HSBC Global Private Bank is bringing a digitalization process from the U.K. and the Channel Islands to Switzerland and finally to Asian booking centers this year, in a bid to help standardize operations in what is traditionally a very decentralized business model.

Anil Venuturupalli, chief operating officer in London, says the private bank is in the middle of a five-year transformation project that is based on core systems provided by vendor Avaloq.

“We’re good at project delivery,” he said at a recent conference hosted by Avaloq, in Zurich. “We’re not so good at transformation for the end-client experience.” So it relies on tech vendors for foundational platforms while HSBC deploys various apps on top. Together they have been introducing dashboards for wealthy clients, portfolio information, online communications, and digitally delivered advice and execution.
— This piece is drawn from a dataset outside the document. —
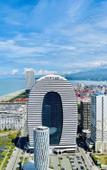 Туры в отель Royal Sea Breeze Apartment Туры в отель Royal Sea Breeze Apartment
There are also reporting and compliance modules.

What’s the target of all of this? Venuturupalli says the highest growth segments are in high-net-worth and ultra-HNW segments (as opposed to mass affluent), and in Asia and emerging markets.

Therefore the bank is striving towards a platform that allows clients to be easily onboarded from HSBC’s other lines of business (such as corporate or investment banking) and have access to all investment products.

“We are delivering a single point of contact and global access to all products,” he said.

Cloud-enabled

As this is an industrial-scale build, Venuturupalli says “There is no killer app.” It is a process of creating a full-service digital ecosystem, built around centralized data and executed via cloud computing.

This infrastructure is clearly vital to the private bank’s digital transformation. Venuturupalli says cloud is not about saving cost or hosting all legacy processes there: “It’s not a lift and shift.” Rather it’s about being able to meet new, incremental product releases, so the bank can react quickly rather than being stuck in an old-fashioned, plodding approach to design.

This does challenge exiting mindsets and ways of doing things – and changing that is very much a work in progress. It’s particularly challenging for a bank that is global and federated, meaning each country traditionally runs its own affairs, including partnerships and technology.

The bank is therefore rolling out a new platform in a bid to bring standardization to the many markets in which it operates. It is trying to offer a uniform client experience. That in turn requires far more internal collaboration than has been the reality at a bank known for its siloed culture.

Venuturupalli says the drive to be agile by breaking down internal silos is the only way to go now. “We require a huge cultural shift, to do what’s possible when everyone in the organization owns it, rather than relying on just one person or team to drive it.”